Stripped pine floorboards throughout the ground floor — sanded and varnished, probably in the early 2000s based on the finish. The varnish had worn on the high-traffic path from the hallway through the living room and into the dining room — a continuous thread of daily movement visible in the slightly matte strip where hundreds of journeys had dulled the sheen. We mopped the full floor with a general-purpose floor cleaner (varnished pine, not waxed — forgiving, no special product needed). The wear path remained visible because it's a finish issue, not a dirt issue. Documented.

Rear reception room. A smaller room — a single sash window overlooking the garden, another fireplace (this one simpler — a painted timber surround with a cast-iron insert, no decorative tiles). Window: 2-over-2 sash, both operable. Cleaned in the same way, faster — no bay, just a flat window. 8 minutes. Fireplace: timber surround wiped, iron insert dry-cleaned, hearth vacuumed. The floor: same stripped pine, same treatment. A dining table had left circular compression marks in the varnish from its feet — four circles, evenly spaced, exactly where you'd expect them. Documented as furniture marks, not cleaning. 10 minutes for the room.

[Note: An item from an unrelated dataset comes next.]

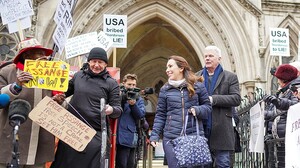Stella_Morris_congratulated_by_a_supporter_as_she_leaves_the_High_Court together with Kristinn Hfrafnsson 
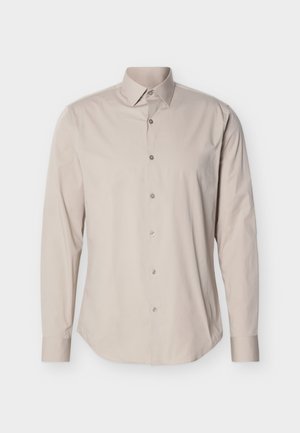 Camisa de manga larga en algodón beige claro. Presenta un cuello puntiagudo y una tapeta frontal con botones a juego. Textura suave.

Kitchen. A separate room at the rear of the house — not knocked through to the dining room. About 12 sqm, which is generous for an unrenovated Queens Park kitchen. A freestanding gas cooker — Zanussi, single oven, separate grill, 4-burner hob. Two years of three adults cooking. This oven had been used by someone who roasted (splatter on the roof and back wall) and someone who baked (a burnt-sugar glaze on the bottom that suggested a pie had overflowed at some point and nobody had dealt with it). Door off, glass out, cavity sprayed. First dwell: 20 minutes. The splatter came off. The burnt sugar on the oven floor: stubborn. It had caramelised and hardened into a dark amber crust about 6 inches across. A second spray concentrated on that area, another 15 minutes. Then a targeted scrub with a non-scratch scourer — the degreaser had softened it enough to lift in pieces. Third pass on the area with a damp cloth. Clean. Grill cavity: standard, one dwell. Hob: 4 burner caps and supports soaked, enamel cleaned.

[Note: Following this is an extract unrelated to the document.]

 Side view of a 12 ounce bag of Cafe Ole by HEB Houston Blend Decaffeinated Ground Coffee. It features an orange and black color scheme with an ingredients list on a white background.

The rest of the kitchen: laminate worktops wiped. The tiles behind the hob — white ceramic, 6x6 inch — degreased. Three adults sharing a kitchen means more grease, more residue, more general use than a single household. The extractor: a canopy hood, the filter hadn't been cleaned during the tenancy. Removed, soaked — the grease was thick enough that the soak water turned opaque within minutes. Hood housing degreased. Cupboard fronts: painted (not the original 1950s ones — these had been replaced, probably in the 2010s). Wiped. Inside all cupboards and drawers. Under the sink: the usual shared-house archaeology — a stained J-cloth, a dried-out sponge, limescale deposits from a loose pipe connection. Cleaned and descaled. Fridge-freezer (freestanding): shelves, drawers, gaskets. The salad crisper had something green and liquid at the bottom — removed, the drawer washed. Freezer: moderate ice on the back wall, defrosted. Sink — ceramic, single bowl — scrubbed. Taps descaled. Floor — original quarry tiles in terracotta, the kind that belong in a Victorian kitchen. These are unglazed and porous, like encaustic — mopped with pH-neutral, barely damp, no detergent puddles. The back door to the garden: threshold vacuumed (mud, a cigarette butt, a bottle cap), door track cleaned. 55 minutes for the kitchen, including the double-dwell oven and the quarry-tile floor.

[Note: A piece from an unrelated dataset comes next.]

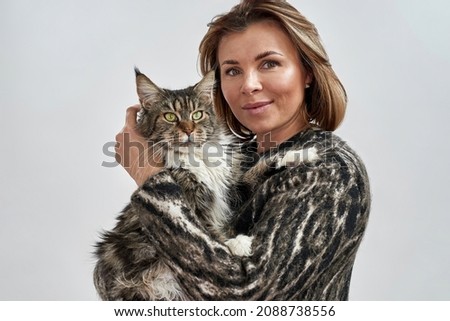 Smiling caucasian woman holding and hugging her furry Maine Coon cat. Concept of relationship between human and animal. Idea of owner and pet friendship. Isolated on white background in studio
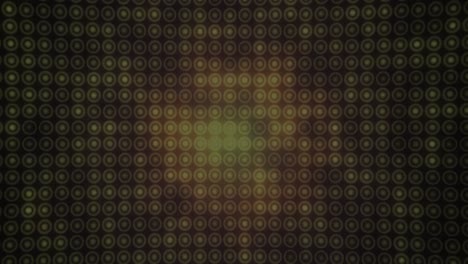 Animation-of-multiple-orange-circles-in-row-on-black-background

Bathroom. Upstairs, a refitted bathroom — the one update the landlord had made. A modern white suite: acrylic bath with thermostatic shower mixer and a glass screen (single panel), semi-recessed basin on a vanity, close-coupled toilet. The suite was maybe 8 years old. Bath waterline: moderate limescale ring — not Bromley-hard but not soft either. NW6 water is moderate, around 260 ppm. Descaler applied, 10-minute dwell, one pass. Shower screen: limescale concentrated at the bottom, less severe than a Petts Wood or Keston screen. One application, 10-minute dwell, vertical strips, squeegeed. Shower head: mild scaling, descaler cloth wrap, 5 minutes. Basin: descaled around the taps and the overflow. Toilet: inside the bowl, under the rim, around the base. Floor — small mosaic tiles in grey — mopped. Heated towel rail: each bar. Mirror and vanity: wiped. 25 minutes.

Three bedrooms. The master — front of the house, the full width of the terrace. Two sash windows (not a bay — this was a first-floor room). Both operable, both cleaned — 4 panes per window, 8 total. A built-in wardrobe in the alcove: wiped inside. Original pine floorboards (same stripped pine as downstairs): mopped. A decorative fireplace — bricked up, with a simple timber surround. Surround wiped, the blocked opening dusted. Radiator, skirting, light switch. 18 minutes.

Second bedroom — rear of the house, overlooking the garden. One sash window. Carpeted (a landlord addition — the carpet sat on top of the original boards). Vacuumed: edges, corners, behind the door. A freestanding wardrobe: cleaned behind and inside. 14 minutes.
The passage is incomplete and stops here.